If anything happens to Bynum tonight, it'll seriously be freaky as ****. Take over the game early so we could sit Bynum as early as possible, haha.


----------



## King Sancho Fantastic (Jul 19, 2005)

Gonna miss the game because I'm taking the fiancé to Disneyland. SMH


----------



## ceejaynj (Oct 9, 2005)

Ten point lead at the half...but way too many TOs.


----------



## Basel (Mar 31, 2005)

Kobe played a great first half. Bynum is still on the court. The bench was playing well, too (mostly Blake and Murphy). Good signs.

Turnovers were bad, though.


----------



## Jamel Irief (May 19, 2002)

Lakers shot the hell out of the ball and played great D. Should be up by 20.


----------



## Basel (Mar 31, 2005)

Lakers start the 3rd quarter by turning it over a few more times.

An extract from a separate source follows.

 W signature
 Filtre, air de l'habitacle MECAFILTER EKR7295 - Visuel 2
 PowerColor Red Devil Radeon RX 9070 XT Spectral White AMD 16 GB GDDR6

Nice. -________-


----------



## Basel (Mar 31, 2005)

Sweet plays by Kobe and then Bynum. Just like that, we're up by 10 again.


----------



## Jamel Irief (May 19, 2002)

They aren't just turnovers, for the most part they are completly stupid plays and carelessness leading into uncontested lay-ups.


----------



## ceejaynj (Oct 9, 2005)

Andrew Goudelock has got to hit those open shots...that is why we drafted him. I hope he doesn't turn into another Coby Karl...someone who CAN shoot, but never hits in games. Hopefully, he will start hitting when he gets more comfortable in the NBA.


----------



## ceejaynj (Oct 9, 2005)

God...we need a PG who can handle the ball.


----------



## ceejaynj (Oct 9, 2005)

Ugh!...27 TOs tonight.


----------



## Jamel Irief (May 19, 2002)

Barnes has been a beast the last two games. Blocking shots, hitting jumpers and running the floor.


----------



## Cris (Jun 18, 2003)

Mike Brown on Matt Barnes: "He's my small forward for the foreseeable future. He's earned it."


----------



## jazzy1 (Jul 16, 2002)

Lakers are turning the ball over at a ridiclous rate. 15 to's from Blake, Fisher and Kobe alone throw in 4-5 from Bynum and its laughable. 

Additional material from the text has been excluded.